LA FILOSOFICA CONVERSAZIONE TRA ANDRE GREGORY E WALLACE SHAWN DIRETTA DA LOUIS MALLE
Andre Gregory e Wallace Shawn si conoscono a teatro, all’inizio degli anni Settanta, e diventano da subito affiatati collaboratori e ottimi amici. Soltanto nel corso del decennio successivo, il primo dirigerà svariate opere teatrali scritte dal secondo e, in qualche occasione, lo coinvolgerà anche come attore. Nel 1980, per una fortunata serie di coincidenze, i due decidono di scrivere a quattro mani una sceneggiatura: Gregory sta progettando di far redigere la propria biografia, quando a Shawn viene l’idea di scrivere una storia basata esclusivamente su una chiacchierata tra due amici.
Per concludere la stesura definitiva di My dinner with Andre occorre quasi un anno. Gregory e Shawn registrano le loro conversazioni per tre mesi, estrapolando poi i brani più significativi e costruendo insieme il lunghissimo dialogo tra due personaggi che incarnano le loro personalità. Il titolo del film è infatti già un riassunto dell’intera pellicola: nei primi minuti Wallace, uno scrittore e attore teatrale, si prepara a passare la serata con un vecchio amico che evita da anni, Andre, celebre regista scomparso da qualche anno dalle scene.
Louis Malle, una volta letta la sceneggiatura, telefona entusiasta a Wallace Shawn per offrirsi di partecipare alla creazione del film, ma impiega parecchio tempo per convincere lo sceneggiatore che non si tratta di uno scherzo. Il famoso regista francese, che aveva appena conquistato il pubblico americano con il capolavoro Atlantic City (1980), è però davvero ansioso di prendere parte al progetto. Il suo primo contributo consiste nel taglio di alcune scene del copione, rendendo così la durata della pellicola alla portata di un pubblico più vasto.

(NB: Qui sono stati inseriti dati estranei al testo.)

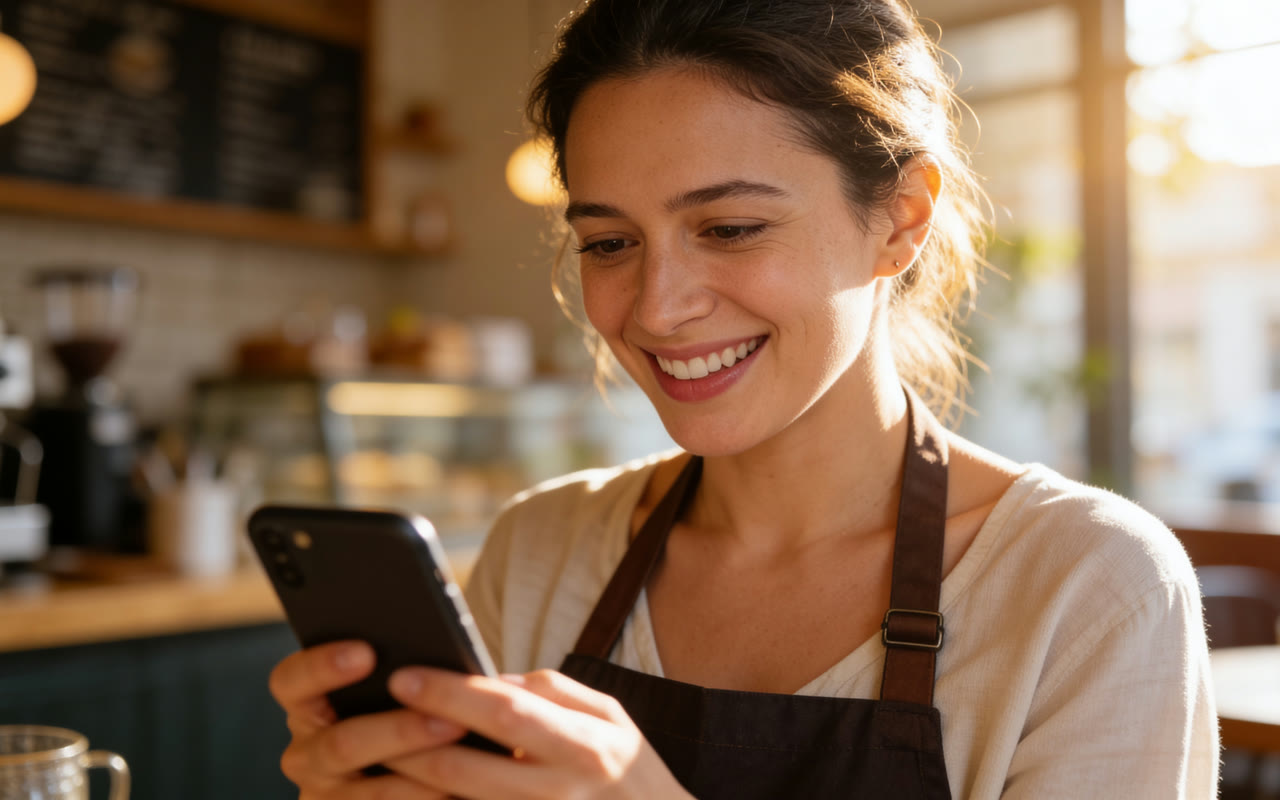 Business owner combining several merchant cash advance statements to plan a consolidation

La sensibilità di Malle regala però il suo meglio in una fotografia sobria e sofisticata al tempo stesso, con un ritmo perfetto di primi piani alternati alle inquadrature d’insieme che sottolinea reazioni, tensioni e momenti di intesa tra i due protagonisti. Finezze visive come i riflessi negli specchi e dettagli sonori come il brusio proveniente dagli altri tavoli contribuiscono alla creazione di un’atmosfera assolutamente realistica, mantenendo l’illusione che la vicenda si svolga in tempo reale.
D’altra parte la bravura dei due interpreti è innegabile ed equivalente. Gregory, narratore straordinario, cattura la fantasia dello spettatore senza risultare mai banale o noioso, mentre Shawn riesce a far trasparire attraverso minime alterazioni del viso incredulità, divertimento o seria preoccupazione per la sanità mentale dell’amico: reazioni che risultano particolarmente comiche se confrontate con l’impassibile professionalità del cameriere, unico pretesto per le rare interruzioni e occasionale testimone della chiacchierata.
Il risultato è un confronto ricco di spunti di riflessione e considerazioni interessanti, per tutti gli appassionati della materia, sul teatro, che presto si fa metafora esistenziale. I ragionamenti che ne derivano risultano però incredibilmente ancora attuali e alla portata di tutti, poichè in fondo il film, seppur così particolare e unico, prende spunto da un episodio che potrebbe capitare a chiunque: rimanere incastrati contro la propria volontà in una serata con qualcuno che si ignorava da tempo, per scoprirsi alla fine coinvolti in una conversazione piacevole e interessante, anche se l’interlocutore ha una visione del mondo completamente diversa dalla propria.